Greenhouse Gas Emissions Targets

Twenty-four states plus the District of Columbia have adopted specific greenhouse gas emissions targets. While each state has adopted a target and baseline year that suits its circumstances, the prevalence of these targets shows the widespread support for climate action.

Greenhouse Gas Emissions Targets

State Climate Action Plans

Climate action plans generally include greenhouse gas emissions reduction targets and detail actions the state can take to help meet those goals. The plans may also include additional components such as resilience strategies, clean energy targets, and economic and social goals.

33 states have released a climate action plan or are in the process of revising or developing one. This includes 32 states that have released plans and 1 state that is updating its plan.

U.S. State Climate Action Plans

Carbon Pricing

One of the most direct policies that states use to address emissions is carbon pricing. Currently, this is only implemented via cap-and-trade programs, though carbon taxes are being considered in a few states as well.

The eleven states in the Regional Greenhouse Gas Initiative (RGGI) have implemented cap and trade in the power sector. California’s cap-and-trade program covers nearly its entire economy and is linked with the Canadian province of Quebec. Massachusetts has two separate cap-and-trade programs to reduce GHG emissions in the power sector: It participates in RGGI and also has a separate cap-and-trade program (Reducing CO2 Emissions from Electricity Generating Facilities) that runs in parallel to RGGI. Washington state’s cap-and-invest legislation will take effect beginning in 2023.

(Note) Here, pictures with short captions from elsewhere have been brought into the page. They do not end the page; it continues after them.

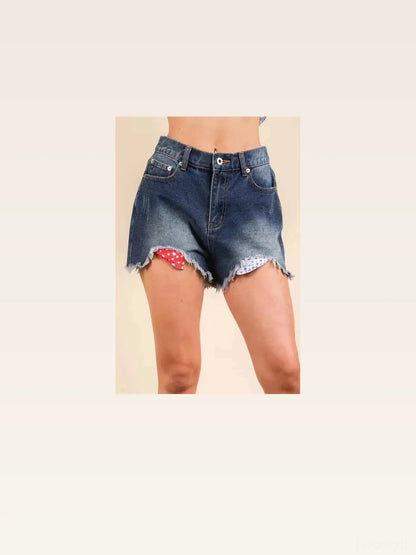 Raw Hem Pocketed Contrast Washed Denim Shorts in Denim — styled showcase — Livostyle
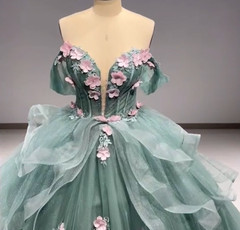 Off Shoulder Sage Green Glitter Tulle 3D Floral Quinceanera Train Ball Gown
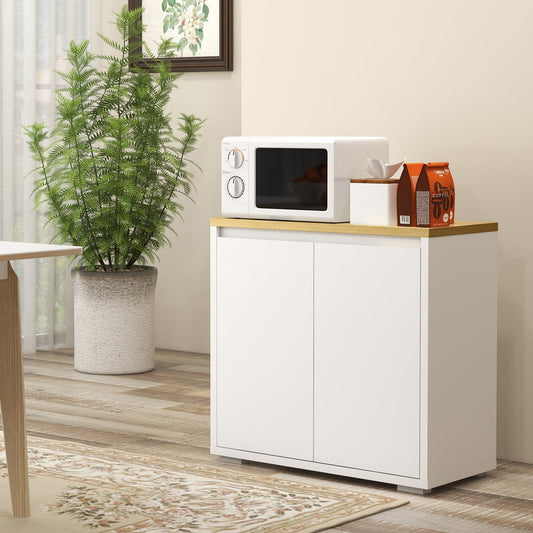 The storage cabinet placed in a living room with a microwave and decor items on the wooden top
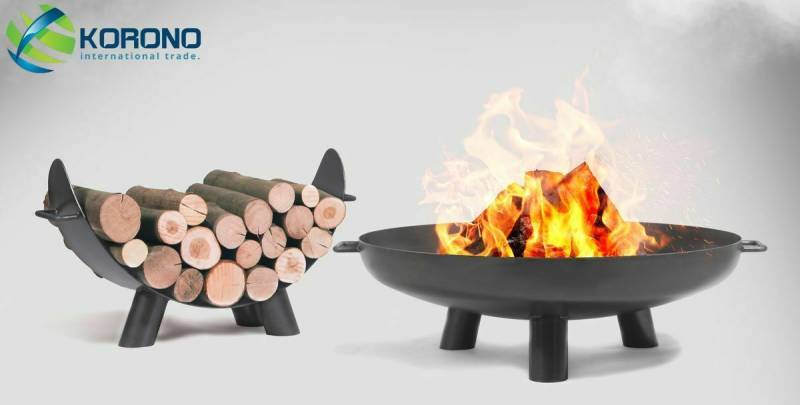 Feuerschale und Holzregal aus Stahl - Feuerkorb Grillfeuer Feuerstelle Ø 100 cm von CookKing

State Carbon Pricing Policies

Electricity Sector Policies

A wide range of state policies help to reduce greenhouse gas emissions from the power sector. Some were enacted explicitly to address climate change, while others have complementary objectives such as supporting in-state producers of preferred energy sources (typically wind, solar, or nuclear) or reducing customer costs by promoting energy efficiency.

One of the most common state policies is a portfolio standard that requires electric utilities to deliver a certain amount of electricity from renewable or clean energy sources. Most of these take the form of:

  • A renewable portfolio standard (RPS), adopted in 29 states and the District of Columbia, which require a certain percentage of a utility’s electricity to come from renewable energy sources.
  • A clean energy standard (CES), adopted by seven states, which requires electric utilities to deliver a certain amount of electricity from renewable or clean energy sources.

U.S. State Electricity Portfolio Standards

Transportation Policies

The transportation sector is the largest source of U.S. greenhouse gas emissions, with light-duty passenger vehicles accounting for approximately two-thirds of those emissions. In order to address this, 36 states and the District of Columbia have put in place some form of clean vehicle policies. These include emissions standards, zero-emission vehicle deployment–which include both battery electric vehicles and fuel cell electric vehicles, and rebates and incentives for zero-emission vehicles and infrastructure, such as charging stations and hydrogen fueling infrastructure.

A popular policy choice today is providing rebates or other incentives for consumers who purchase electric vehicles. But state policies can reduce transportation sector emissions in other ways as well.

low-carbon fuel standard (LCFS) is aimed at reducing greenhouse gas emissions by requiring a shift to lower-carbon transportation fuels, such as biofuels, without prescribing a particular fuel type. Currently only California and Oregon have LCFS policies in place. They require fuel providers to continually decrease the carbon intensity of the fuels they sell, and allow for credit trading to reduce costs of compliance.

Land use decisions and public transportation investments also affect transportation sector emissions.